> [wptouch menu] does not change with the language
> switch (although the actual content does …)
i just wanted to register my interest in this same question. thanks for testing this and bringing it up!
— wpwalker
Here’s what I got so far from WPtouch Pro support:
“WPtouch Pro currently only includes official support for WPML. What we can do is add this to the list of feature requests to consider for a later release. Looking back, there haven’t been other support requests for Polylang. So we hadn’t seen this reported before. So thank you for letting us know and for helping make WPtouch Pro even better. WPtouch Pro’s developers will consider the feature in a later release.”
After I begged to look into it, I got this:
Martin [apparently one of the developers] took a look at this and some noticeable differences between WPML and Polylang are that:
“WPML stores translations as part of the post (presumably post meta), Polylang is a lot cruder, storing translations as separate pages & posts (with different URLs!) and simply recording a cross-reference between them.”
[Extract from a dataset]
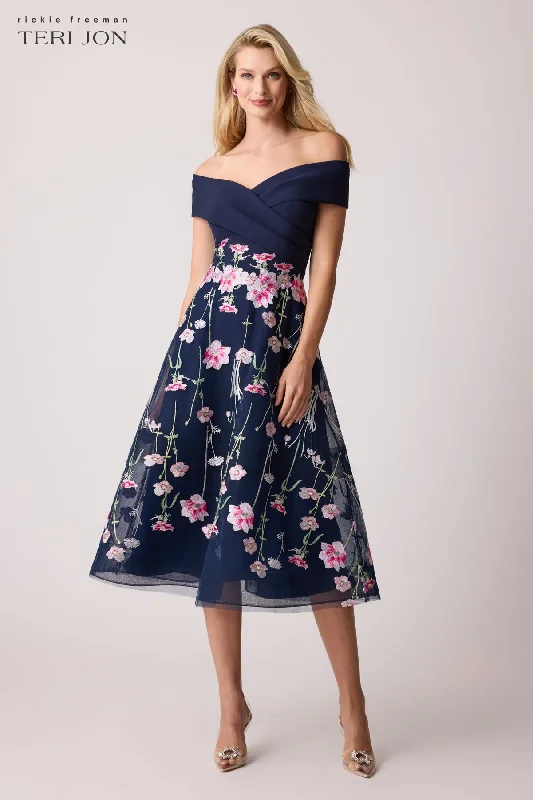 Crepe Off The Shoulder Embroidered Tulle Dress Tunics Polka dots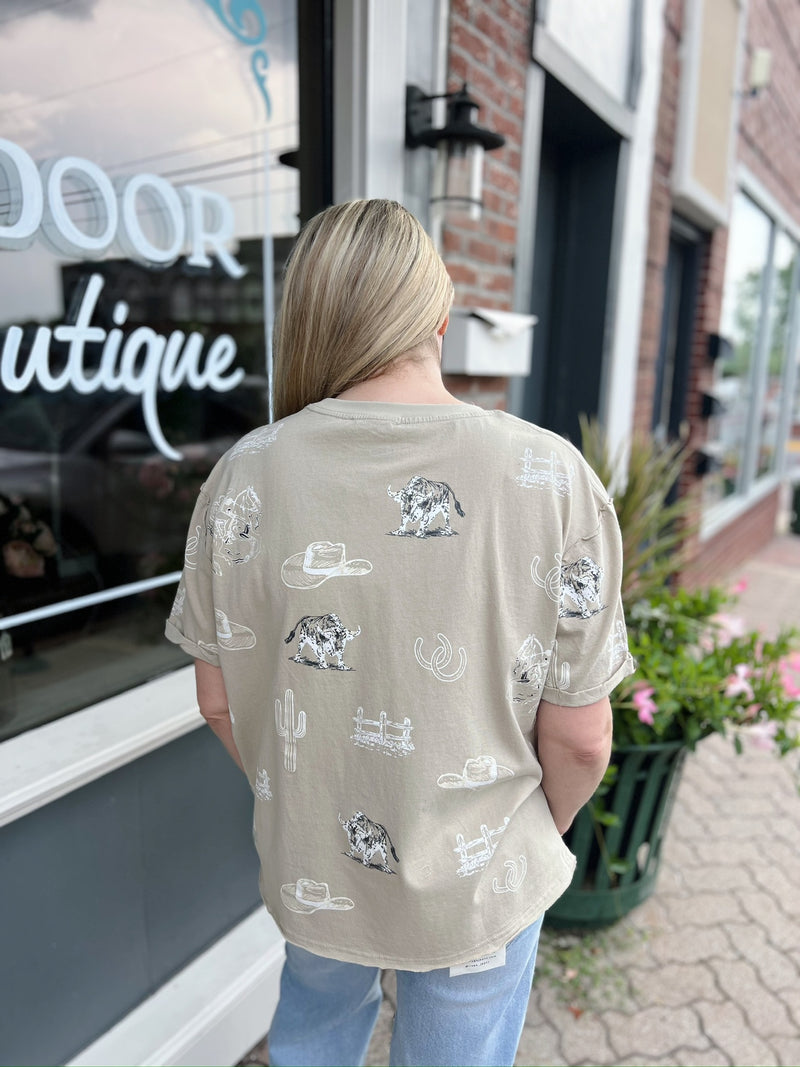 Beige Western Printed Round Neck Short Sleeve Top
“The first issue is easy enough to diagnose: they’ve probably got WPtouch set to use “WordPress Pages” for the menu, which obviously just dumps everything out
Unlike WPML, which switches the contents of the menu items for the language you’re using, Polylang requires that you manually maintain separate menus for each language. We would have to completely rewrite sections of our menu module to allow customers to pick which menu is for which language. [Which is not in our current future plans.]”
So probably better stay away from either WPtouch or Polylang if you wanna run a multilingual WordPress site.
I found a solution, but it is neither very sophisticated nor very elegant. It works though.
What I did (I currently have a German and English version):
1. I created the German and the English mobile menu in WordPress.
2. I selected the German menu as primary menu in WPtouch settings. Then opened the mobile page, opened page source code of the rendered page and copied the html-code of the menu (“<ul class="menu-tree parent-links"><li class="menu-item ........./li></ul>
“) to an empty text file.
3. Same as step 2 with the English menu.
4. I edited the header-bottom.php file in the WPtouch child theme:
Commented out line 3
<?php /* if ( wptouch_has_menu( 'primary_menu' ) ) { wptouch_show_menu( 'primary_menu' ); } */ ?>
and added instead
<?php if('de' == pll_current_language()) { ?>
"THE COPIED GERMAN HTML CODE"
<?php } else { ?>
"THE COPIED ENGLISH HTML CODE"
<?php } ?>
Now the menus are hardcoded into the template. If you want to change/update the menus you have to follow the above steps again, which in my case takes less than five minutes and my menus won’t change very often.
Just for the record the reply from WProuch Pro support on my workaround (nice guys)
Hi Michael,
As you have identified, manually adding menus with conditional display based on the active language is an option. We are generally reluctant to provide customers with solutions that rely on such hard-coded output, as it can tend to cause problems in future should they choose to update their normally dynamic content (e.g., menus).
That said, thank you very much for your feedback.